Conclusion If you look at scalar subquries in your SELECT statements, it is worth using a left join, as it may offer some performance benefits.
FOOTNOTE
Given that PostgreSQL lacks a partial range processing feature and a scalar subquery caching mechanism, you might encounter performance degradation. One of the mothodes to mitigate the issue is to tranform the subquery in the SELECT list into a left join.
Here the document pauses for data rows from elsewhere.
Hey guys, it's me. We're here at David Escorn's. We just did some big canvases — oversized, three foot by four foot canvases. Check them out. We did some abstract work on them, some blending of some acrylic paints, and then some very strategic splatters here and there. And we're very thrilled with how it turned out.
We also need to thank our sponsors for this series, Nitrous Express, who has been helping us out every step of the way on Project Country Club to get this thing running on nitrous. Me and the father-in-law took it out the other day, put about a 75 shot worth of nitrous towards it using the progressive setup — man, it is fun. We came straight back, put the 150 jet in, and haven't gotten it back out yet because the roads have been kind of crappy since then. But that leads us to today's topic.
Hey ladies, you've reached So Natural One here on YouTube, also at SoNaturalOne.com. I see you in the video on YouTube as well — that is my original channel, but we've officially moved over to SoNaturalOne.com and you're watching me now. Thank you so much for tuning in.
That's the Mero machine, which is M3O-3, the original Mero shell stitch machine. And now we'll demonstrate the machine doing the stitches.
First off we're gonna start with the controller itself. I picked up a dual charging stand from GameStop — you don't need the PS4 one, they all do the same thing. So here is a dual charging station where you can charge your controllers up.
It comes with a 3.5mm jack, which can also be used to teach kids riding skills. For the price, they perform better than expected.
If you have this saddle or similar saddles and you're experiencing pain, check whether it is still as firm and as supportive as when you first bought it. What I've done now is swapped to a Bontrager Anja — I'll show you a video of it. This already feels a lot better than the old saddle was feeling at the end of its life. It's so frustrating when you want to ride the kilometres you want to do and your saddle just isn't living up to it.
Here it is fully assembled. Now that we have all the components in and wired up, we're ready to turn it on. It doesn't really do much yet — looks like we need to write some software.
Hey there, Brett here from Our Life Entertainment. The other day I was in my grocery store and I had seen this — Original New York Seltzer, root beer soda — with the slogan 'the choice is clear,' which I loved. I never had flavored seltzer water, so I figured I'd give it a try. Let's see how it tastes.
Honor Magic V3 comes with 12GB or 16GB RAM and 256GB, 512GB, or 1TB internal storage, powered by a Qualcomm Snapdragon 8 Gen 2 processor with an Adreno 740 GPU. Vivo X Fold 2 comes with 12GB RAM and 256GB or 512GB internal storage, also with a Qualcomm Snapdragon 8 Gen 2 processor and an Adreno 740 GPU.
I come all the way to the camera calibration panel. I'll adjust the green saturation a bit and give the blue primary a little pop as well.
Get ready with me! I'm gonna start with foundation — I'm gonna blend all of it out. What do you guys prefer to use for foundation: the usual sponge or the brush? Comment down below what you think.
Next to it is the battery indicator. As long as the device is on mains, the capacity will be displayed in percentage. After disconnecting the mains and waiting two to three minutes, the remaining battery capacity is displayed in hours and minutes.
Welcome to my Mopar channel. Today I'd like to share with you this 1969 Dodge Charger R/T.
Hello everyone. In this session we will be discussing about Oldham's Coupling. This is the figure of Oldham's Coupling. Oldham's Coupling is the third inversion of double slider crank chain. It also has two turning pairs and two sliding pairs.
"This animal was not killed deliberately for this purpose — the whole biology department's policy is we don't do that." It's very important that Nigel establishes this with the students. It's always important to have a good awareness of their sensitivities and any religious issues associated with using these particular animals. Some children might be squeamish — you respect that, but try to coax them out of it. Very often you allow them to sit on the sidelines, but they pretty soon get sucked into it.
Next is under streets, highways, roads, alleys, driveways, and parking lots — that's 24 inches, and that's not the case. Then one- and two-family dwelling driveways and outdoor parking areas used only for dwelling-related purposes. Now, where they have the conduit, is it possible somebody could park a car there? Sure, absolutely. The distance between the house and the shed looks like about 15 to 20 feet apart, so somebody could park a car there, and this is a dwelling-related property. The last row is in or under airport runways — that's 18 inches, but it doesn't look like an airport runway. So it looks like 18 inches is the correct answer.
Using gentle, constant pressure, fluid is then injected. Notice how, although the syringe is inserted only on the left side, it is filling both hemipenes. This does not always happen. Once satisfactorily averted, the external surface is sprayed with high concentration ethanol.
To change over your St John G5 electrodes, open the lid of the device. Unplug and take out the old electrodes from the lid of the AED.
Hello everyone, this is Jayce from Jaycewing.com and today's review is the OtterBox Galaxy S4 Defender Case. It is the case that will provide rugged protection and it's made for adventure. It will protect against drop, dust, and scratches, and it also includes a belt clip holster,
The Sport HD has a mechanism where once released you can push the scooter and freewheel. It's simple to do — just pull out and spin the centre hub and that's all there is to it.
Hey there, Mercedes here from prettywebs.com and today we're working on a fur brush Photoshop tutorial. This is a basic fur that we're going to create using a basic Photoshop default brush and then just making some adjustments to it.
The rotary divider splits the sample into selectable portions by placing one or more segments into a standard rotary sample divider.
Some developers using PostgreSQL argue that they can not find a compelling reason to use a scalar subquery in the SELECT list. However, there are situations in which a scalar subquery is more efficient than an outer left join in PostgreSQL. I will come up with a scenario in which a scalar subquery is a better choice in a future article.